Microsoft's TRELLIS: A high-quality 3D asset generation model

Microsoft has recently proposed a generative method for creating high-quality 3D assets, based on a unified Structured LATent (SLAT) representation and Rectified Flow Transformers, achieving flexible and efficient 3D generation.

Core of the paper

Unified Structured LATent Representation (SLAT)：

SLAT combines sparse 3D meshes with dense multi-view features extracted from vision foundation models.
Captures geometric structure and textural information, supporting multiple decoding formats including Radiance Fields, 3D Gaussians, and Meshes.
Provides flexible decoding capabilities to output diverse 3D formats according to different needs.

Powerful generative model architecture：

Uses a Rectified Flow Transformer specifically designed for SLAT as the core model.
Trained on a large-scale dataset of 3D assets containing over 500,000 diverse objects, with a parameter scale reaching up to 2 billion.

Flexible generation and editing capabilities：

Supports generating high-quality 3D assets through text or image inputs, significantly outperforming existing methods.
Provides flexible output format options and local 3D editing functions, which were previously unavailable in other models.

Innovative application scenarios：

Generated 3D assets can be used for complex artistic designs, asset variant generation, and precise manipulation of local areas.

Key features and demonstrations

Text-to-3D asset generation

Image-to-3D asset generation

Asset variant generation

Local area manipulation

Method overview: SLAT and TRELLIS

Structured LATent Representation (SLAT)

SLAT combines sparse structures with visual representations:

Defines local latent variables on active voxels intersecting the object surface.
Combines dense multi-view rendering image features generated by powerful pre-trained visual encoders.
Active voxels provide coarse geometry, while visual features capture fine geometry and texture details.
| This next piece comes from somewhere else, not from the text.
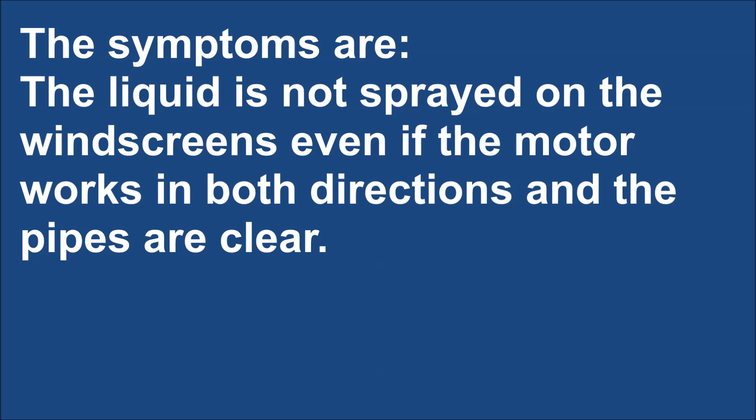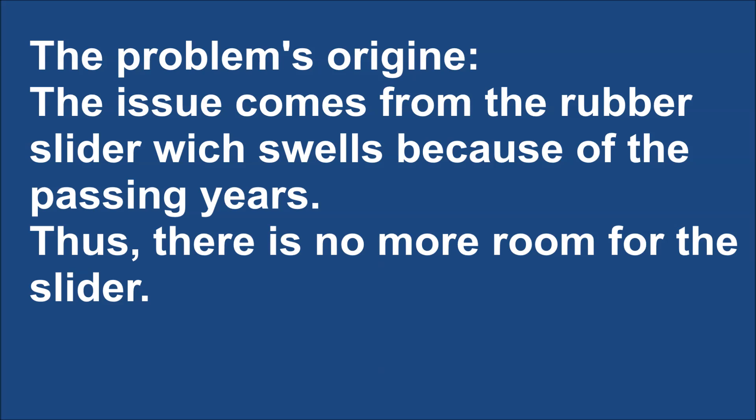The symptoms of the problem are: the liquid is not sprayed on the windscreen even if the motor works in both directions and the pipes are clear. The issue comes from the rubber slider which swells because of the passing years, leaving no more room for the slider.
TRELLIS model architecture

Two-stage generation pipeline：

Generates the sparse structure of SLAT.
Generates latent variables for non-empty cells.

Rectified Flow Transformer：

Adapts to SLAT sparsity and serves as the backbone model.

Multi-format output and editing：

Maps SLAT into high-quality 3D representations through different decoders to meet diverse requirements.

Applications

I tried it on HuggingFace, and the results are decent. However, for commercial use, the controllability still falls short.